EXERCISE INSTRUCTIONS
Each line of the data below between the one containing "Conta ouro 1" and the one containing "Station de dessoudage", both included, is to be repeated exactly. Please omit pictures.

--- DATA UNDER STUDY Enclosed Below ---

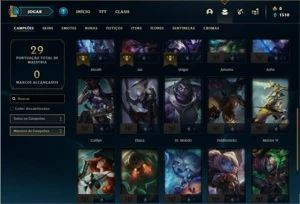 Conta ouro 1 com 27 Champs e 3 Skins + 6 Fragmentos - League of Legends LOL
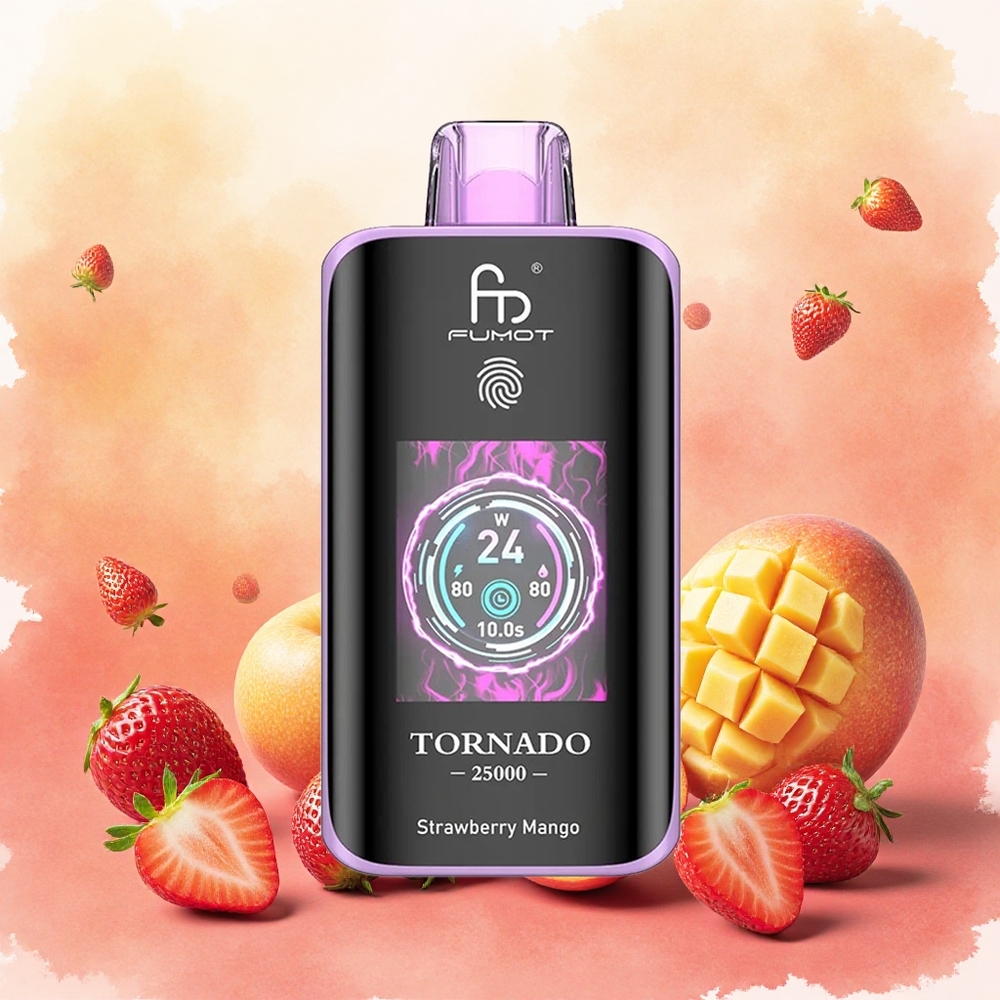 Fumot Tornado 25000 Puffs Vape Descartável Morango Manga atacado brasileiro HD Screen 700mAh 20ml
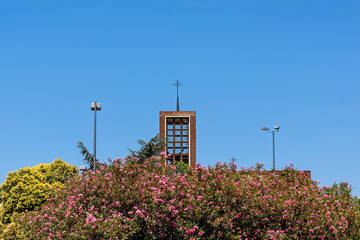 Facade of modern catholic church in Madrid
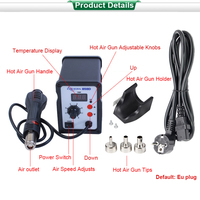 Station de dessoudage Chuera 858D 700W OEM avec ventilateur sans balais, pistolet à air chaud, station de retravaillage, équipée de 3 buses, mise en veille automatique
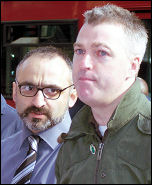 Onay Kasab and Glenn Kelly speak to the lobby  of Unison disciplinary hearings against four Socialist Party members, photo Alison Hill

--- End of Enclosed DATA UNDER STUDY ---
--- DATA UNDER STUDY Enclosed Below ---

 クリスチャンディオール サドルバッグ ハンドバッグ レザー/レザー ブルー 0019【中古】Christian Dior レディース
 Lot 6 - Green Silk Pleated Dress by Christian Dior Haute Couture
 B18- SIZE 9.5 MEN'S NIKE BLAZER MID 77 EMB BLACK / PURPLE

--- End of Enclosed DATA UNDER STUDY ---

ANSWER TO THE PROBLEM
 Conta ouro 1 com 27 Champs e 3 Skins + 6 Fragmentos - League of Legends LOL
 Fumot Tornado 25000 Puffs Vape Descartável Morango Manga atacado brasileiro HD Screen 700mAh 20ml
 Facade of modern catholic church in Madrid
 Station de dessoudage Chuera 858D 700W OEM avec ventilateur sans balais, pistolet à air chaud, station de retravaillage, équipée de 3 buses, mise en veille automatique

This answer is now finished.